Dan: "When he started out, there weren't many women in the business. Joan Scott was one of the first. Edgar had nothing to do with her but if you want to do a good story about someone in the business, Joan Scott. Do you know who she is? She created Writers and Artists Agency. She saw that there was no way that a woman could become a partner in an agency and she said, 'I will create my own agency.' Harrison Ford, Armand Assante, Jimmy Woods, she found all of them. She's a manager now in New York. She's in her seventies. She's vibrant and beautiful and smart and funny. Joan Scott will demonstrate what a woman could do and couldn't do."

Luke: "Did Edgar's friends stick by him in the last seven years?"

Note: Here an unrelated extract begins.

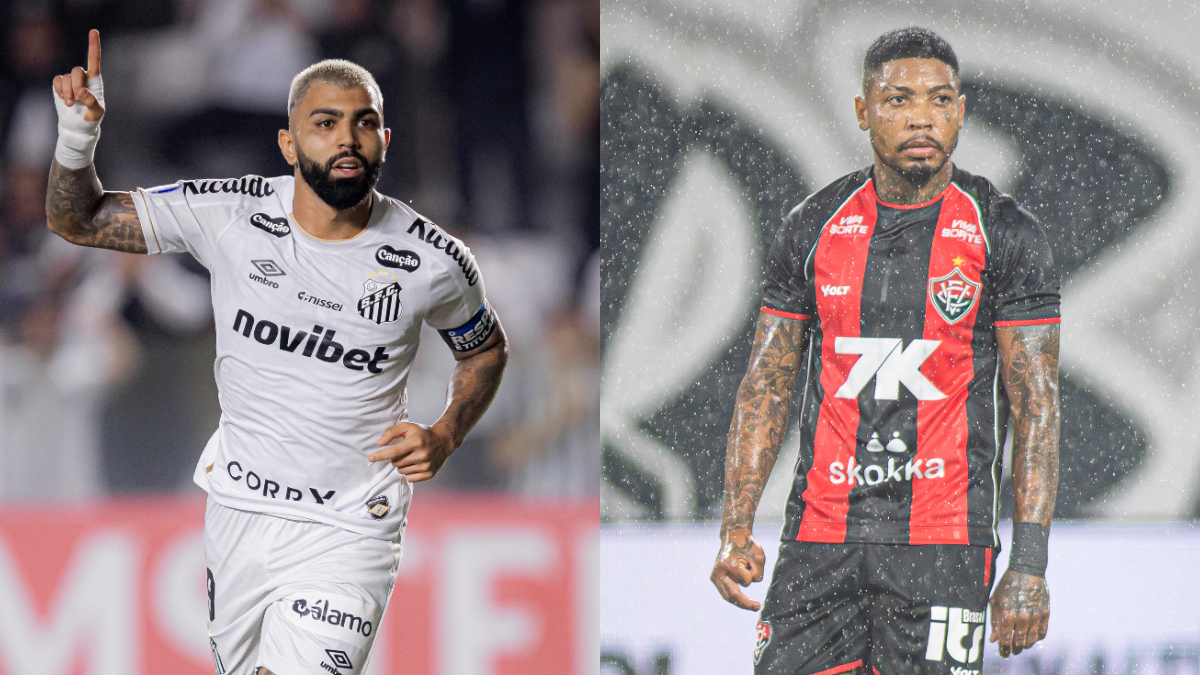 Em qual canal vai passar Santos x Vitória hoje (30/5)?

Dan: "Some did and some didn't."

Luke: "Did he have a lot of friends?"

Dan: "What's your definition of friends? He had a lot of people who liked him. They had a nice turnout at the funeral. Bob Daly [former co-head of Warner Brothers]. Barry Myer. Edgar was the last of an era. An era when a person could walk into a room and with the sheer enthusiasm of their passion for a project and sell it. It doesn't work like that any more because everything is so layered and corporate."

Luke: "I'd see people in my research for my book on producers and they'd mention they knew Edgar. I'd mention that I saw him regularly and they'd say, 'Give him my best.' And I thought, 'Why don't you call him and give him your best?' Part of the reason I went to see him so many times was that I thought he wanted the company. And then you'd get there and he'd throw you out after 20-minutes."

Dan: "He was tough on visitors. 'You can leave now.' F--- you, Ed, I don't want to be told I can leave now. I didn't drive over here to be told I can leave now. Right?"

Luke: "Yes."

Dan: "Did you feel that way?"

Luke: "Yes."

Dan: "Don't tell me to leave. I'm not rude to you. He was in bad shape. He was heavy. He was lying flat on his bed. He had leukemia. It was sad for me to see him like this.

"He liked baseball, fishing, literature. He appreciated a good sentence. He liked a good meal. He loved the business. He was a great salesman."